Everything About Fiction You Never Wanted to Know.
Lovely to look at...

Roberta is a 1935 RKO musical film starring Irene Dunne, Randolph Scott, Fred Astaire, and Ginger Rogers. The film features music by Jerome Kern and lyrics and book by Otto Harbach, based on their 1933 stage play, which was in turn based on the novel Gowns by Roberta by Alice Duer Miller.

Set in Paris, John Kent (Scott) is travelling with his friend Huck Haines (Astaire) and the latter's dance band, the Wabash Indianians. The person who booked the band, Voyda, refuses to let them play after he discovers that the band are not actual Indians, merely from the state.

John gets help from his Aunt Minnie (the only person he knows in Paris) for help, who owns the gown shop "Roberta". John meets her chief assistant, Stephanie (Dunne), and quickly falls in love with her.

Huck also meets somebody he knows. The "Countress Scharwenka" turns out to be his old sweetheart, Lizzie Gatz (Rogers), and she gets his band a gig at the nightclub where she works.

Two things trouble John. One is Ladislaw, a handsome Russian who seems to be infatuated with Stephanie and the other is Sophie, a conceited ex-girlfriend he left behind over an argument of his lack of sophistication.

The film was remade in 1952 and titled Lovely To Look At.

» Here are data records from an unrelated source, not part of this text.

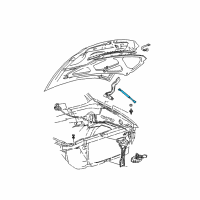 OEM 2005 Ford Expedition Lift Cylinder Diagram - 2L1Z-16C826-AA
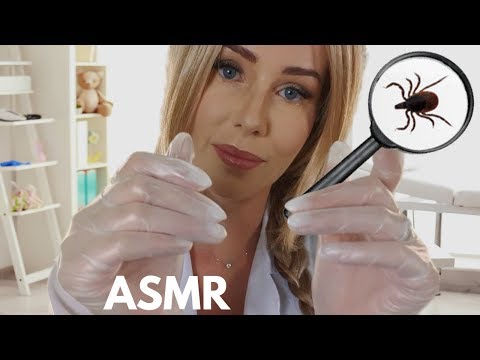 ASMR Lice Check Roleplay Treatment and Removal by Caring School Nurse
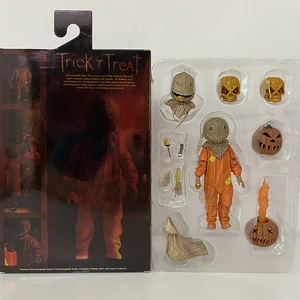 trick r treat figure sam clothed with bag lollipop halloween 2007 classic film movie neca figures model toy doll gift free global shipping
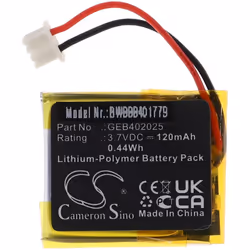 vhbw - the clever way - Batterie de rechange de haute qualité avec une grande autonomie et compatible avec votre télécommande ...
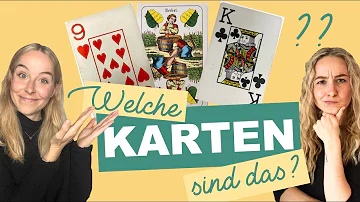 Wie heißen die Spielkarten auf Deutsch?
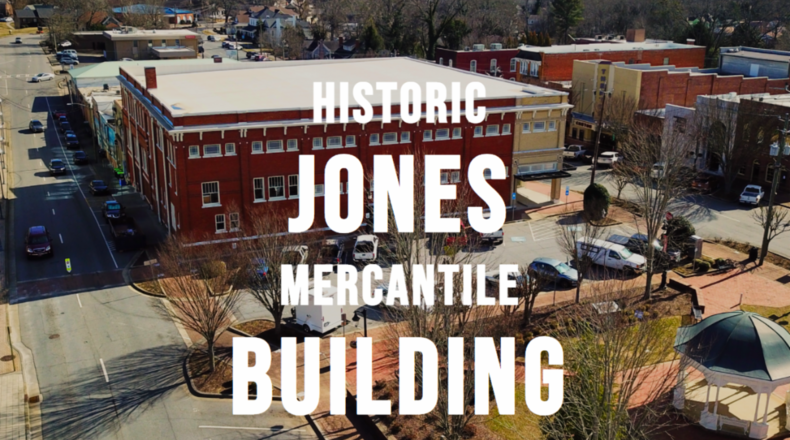The city of Canton is seeking mixed-use development Sought for its historic Jones Mercantile building. CONTRIBUTED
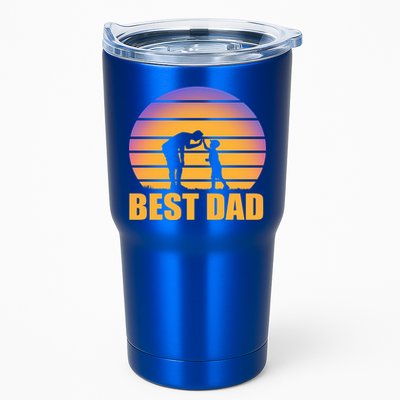 Best Dad Retro Sunset Tumbler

Tropes used in Roberta include:
  • Aristocrats Are Evil: Subverted, in that things go wrong because John believes this trope.
  • Fashion Show: The background for "Lovely To Look At."
  • Hey, It's That Gal!: A very young platinum-blonde Lucille Ball appears as a model in the Fashion Show.
  • Pimped-Out Cape
  • Pimped-Out Dress
  • Pretty in Mink: Several fur capes, a dress with a leopard skirt, and the dress with the white fox-trimmed jacket Irene wears at the end.
  • Shout-Out: During "I Won't Dance," Ginger Rogers sings to Fred Astaire: "But when you dance you're charming and you're gentle/ Especially when you do the Continental," referring to the dance in their previous film, The Gay Divorcee.